Re: [PATCH v1] iommu/riscv: Add page request queue and IOPF support

From: Gong Shuai

Date: Wed Jun 17 2026 - 10:52:34 EST


On 6/17/2026 5:01 PM, bingyu.xian wrote:
The RISC-V IOMMU Architecture Specification, Version 1.0, Chapter 3.3
defines a Page-request Queue (PQ) for handling PCIe Page Request
Interface (PRI) messages.

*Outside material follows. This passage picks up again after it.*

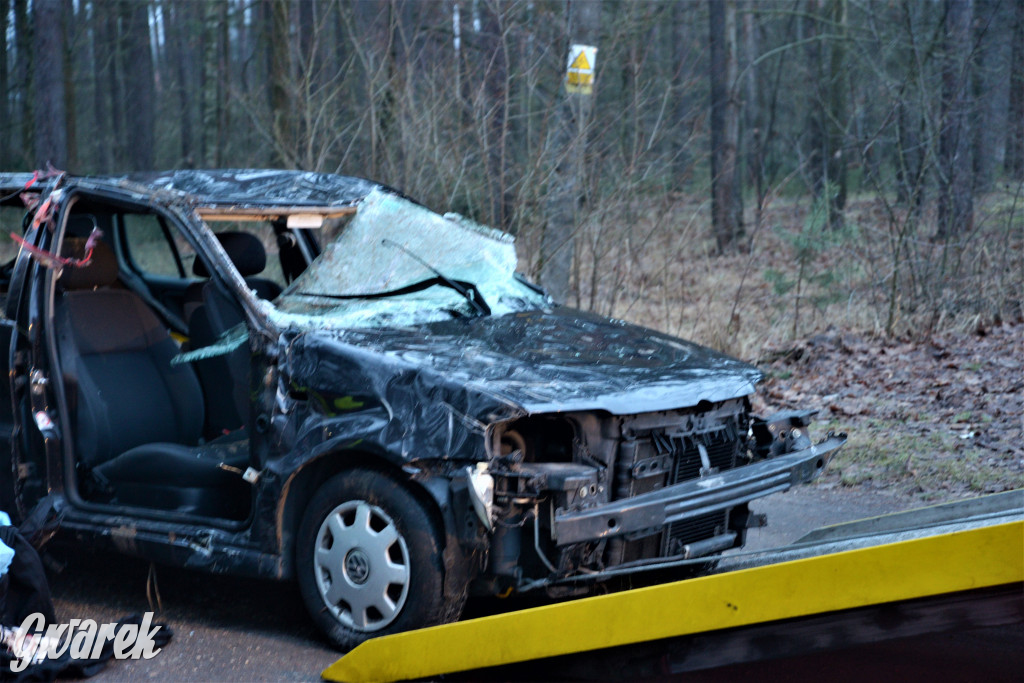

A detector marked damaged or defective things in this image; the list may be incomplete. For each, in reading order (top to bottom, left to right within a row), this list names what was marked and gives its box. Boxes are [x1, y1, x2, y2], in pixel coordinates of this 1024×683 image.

broken windshield [268, 188, 548, 330]
severely damaged car [0, 168, 844, 648]
crumpled car hood [286, 308, 760, 416]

The current driver implements only the
Command Queue (CQ) and Fault Queue (FQ); the PQ is left
unimplemented, which is the biggest functional gap compared with the
ARM SMMUv3 driver.

Add PQ and IOPF support:

- Initialize and enable the PQ when the hardware advertises ATS
capability (RISCV_IOMMU_CAPABILITIES_ATS), and add an IOMMU_IOPF
Kconfig dependency.
- Implement the PQ interrupt handler riscv_iommu_priq_process(),
which consumes PQ records from the hardware ring buffer.
- Translate PQ records into the kernel's generic iopf_fault format
and pass them to the IOPF framework via
iommu_report_device_fault().
- Implement the .page_response callback, which builds an ATS.PRGR
(Page Request Group Response) command and sends it through the
command queue to notify the requesting device.



Hi, bingyu

Thanks for your work.

Tomasz already has a complete ATS/PRI/SVA support series on GitHub [1],
which hasn't been posted to the mailing list yet.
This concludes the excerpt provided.